The wind

A spell and a bird, and the mournful, angry blasts of the train's horn in the distance. A chill wind on a summer’s day; the breath of death or the divine. She doesn’t know which. She often feels it when the train is heard, far off, beyond the rumble of traffic and the incessant chatter of birds.

She has learned to ignore the wind. She knows it’s the breath of God, and God is no friend of hers. And yet she won’t be whole until she accepts the wind, lets it become a part of her, the breath to her bones. (I sit here, writing, afraid of sounds, of interruptions that will derail my intent, a weak reed to begin with. But if I plug my ears, I won’t hear the birds. Exactly my point. I may be as afraid of sound as she is of wind.)

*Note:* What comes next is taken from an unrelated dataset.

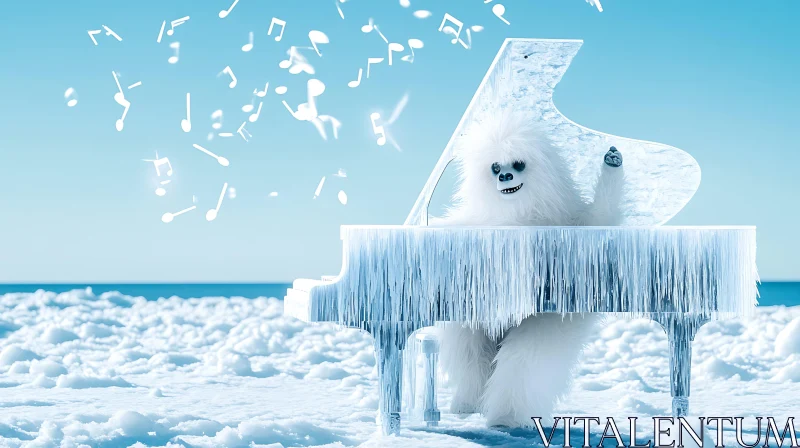 AI ART Snowy Musician: Yeti Playing Piano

Wind is more essential, however. You need to breathe; you can live without hearing. As the years go by, she feels the wind more often, more insistently. Come with me, it whispers, softly at first. But every year, it pushes harder. She feels it every day, then every hour, every minute. By the time she gets to middle age, it’s howling. Her senses fill. The dust it raises clots her eyes and ears, fills her mouth, scours her skin. Still she resists.

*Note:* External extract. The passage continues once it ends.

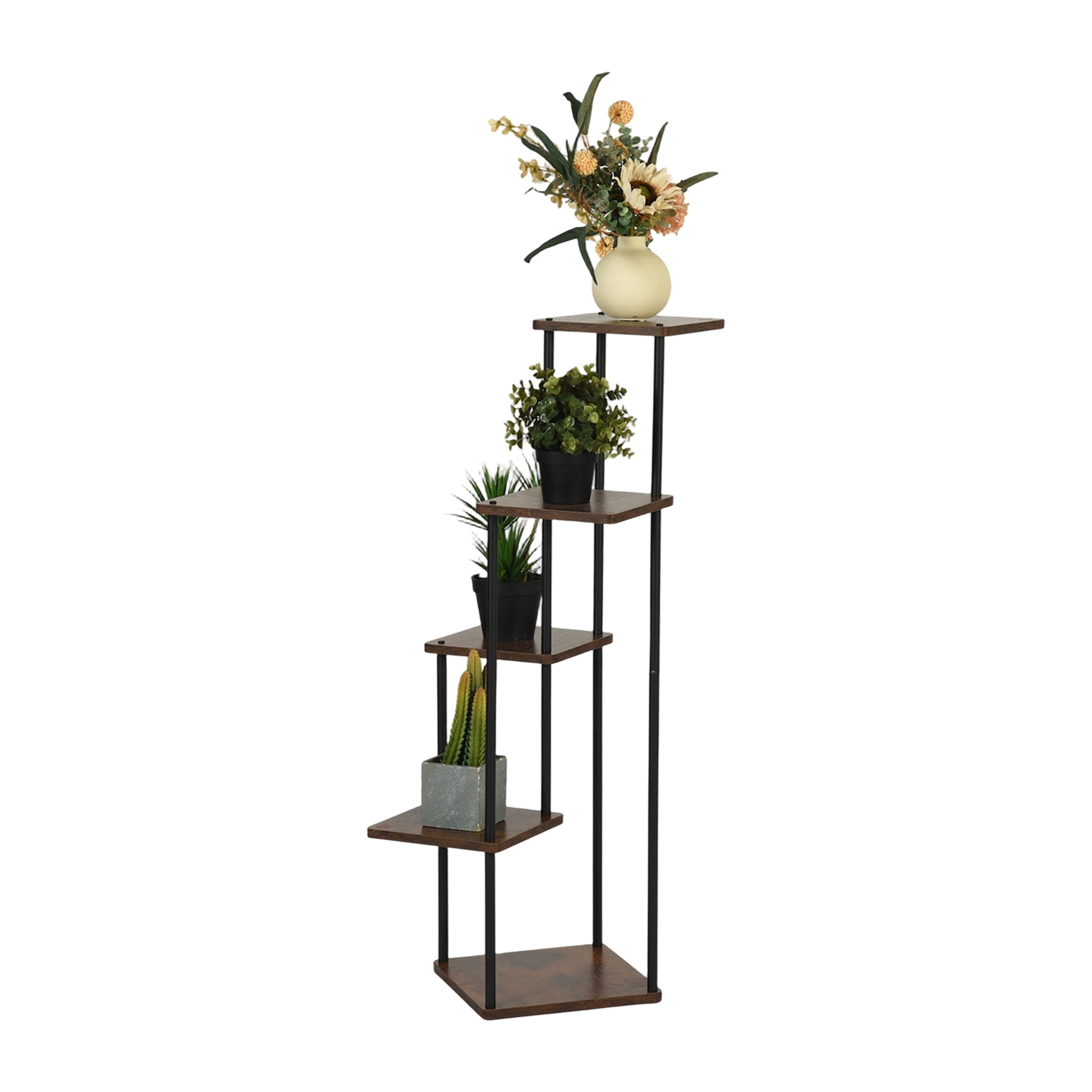 Tiered Corner Plant Stand, Tall Indoor Metal & MDF Flower Shelf, Multi-Layer Display Rack for Living Room Bedroom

The wind, a hurricane, batters her day after day. Her husband leaves; her children turn away. In the whirlwind of her mind, time loses its meaning, day and night and sunlight and starlight all twisting into one long undifferentiated strand. Her bones knit with her organs, nerves and sinews entwined with flesh, her lungs holding out the longest, far longer than her heart. And yet she will not yield. She would die first. She is sure she is dying.

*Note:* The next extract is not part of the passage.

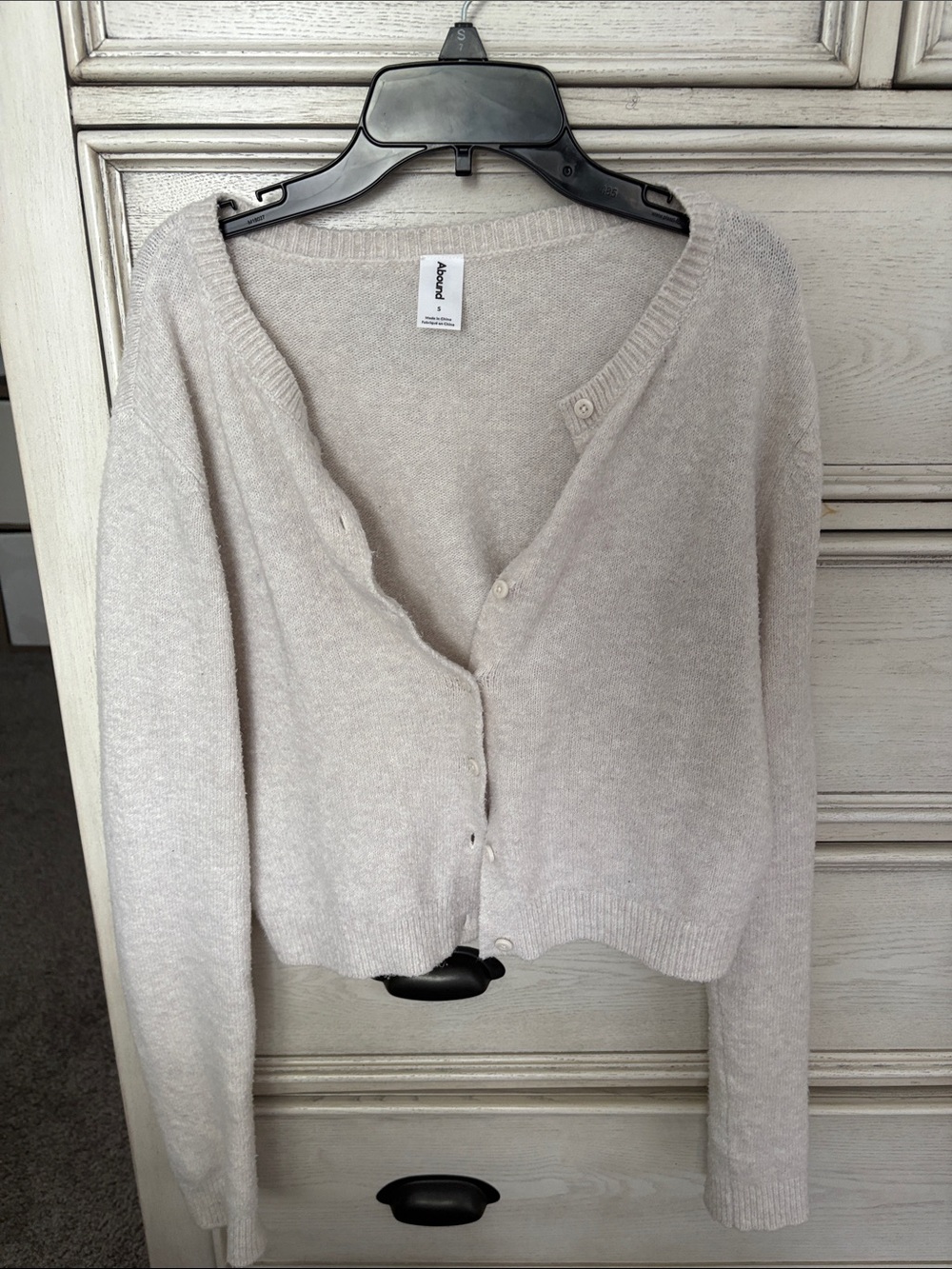 Abound Light Cream Cropped Button Cardigan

Finally, God gives up. There is an inhalation. The winds die down. They flutter away, dissipating into whispers. They recede like an ebbing tide. Figuring that, like the tide, the winds will turn, she still resists.

Then, when the world is calm, there is the still, small voice. I’m sorry, it breathes, moving just enough air to bend a single blade of grass. All is silent.

Then, in the distance, the moan of a mournful train. Close to her, birds call in voices she has not heard in years. The day is sunny. There is no breeze. She weeps.